Friday, March 13, 2009

Skepticism from Down Under

Christopher Scanlon writes in The Australian:

"The question is, why is there such a divergence between claims about digital natives and the realities of the classroom?"

His answer echoes many of the concerns we have about this issue. He identifies class, commercial interest and confusion as contributing to the divergence:

"It's partly a matter of class because there are some students who perfectly fit the mould of digital natives. For example, it's not surprising that two Harvard law professors were among the first to write about such students...The digital natives theory is also partly driven by commercial interest. It's worth noting that Prensky, who was one of the first to popularise the idea of the digital native, is also the chief executive and founder of Games2Train, a company that specialises in creating computer learning games...Confusion also plays a part. It's telling that most of the accounts of digital natives come not from natives themselves but from middle-aged people observing young adults using computers. Those writing about digital natives confuse the ability to navigate around ready-made online environments or download content from the net for a general ease with technology."

Read the full article.

1 comment:

Anonymous said...

I think that's a good point Mark.
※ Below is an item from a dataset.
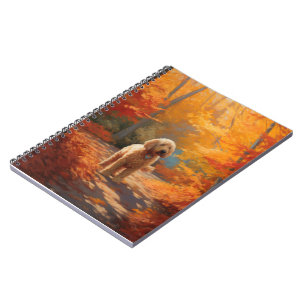 Goldendoodle in Autumn Leaves Fall Inspire Notebook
It's entirely anecdotal, but when I discuss some of the 'digital natives' issues with my 19 year old son, who attends Cap, he pretty much validates for me, that there are gaps in the theory.
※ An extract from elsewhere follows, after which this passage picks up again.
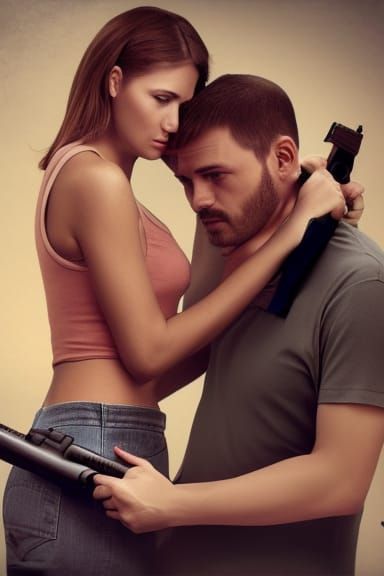 Dramatic Embrace: Woman Points Gun - Digital Portrait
When I told him that this notion exists about those growing up with technology learning differently and, among other things, preferring online interaction to F2F, he feels nothing could be further from the truth.

He and his classmates seem to much prefer many of the same interactions students and instructors have had for eons.

We also assume way, way too much about them. They are not generally techno-savvy in the extreme, but do have expectations about the ability to use certain technologies as an option.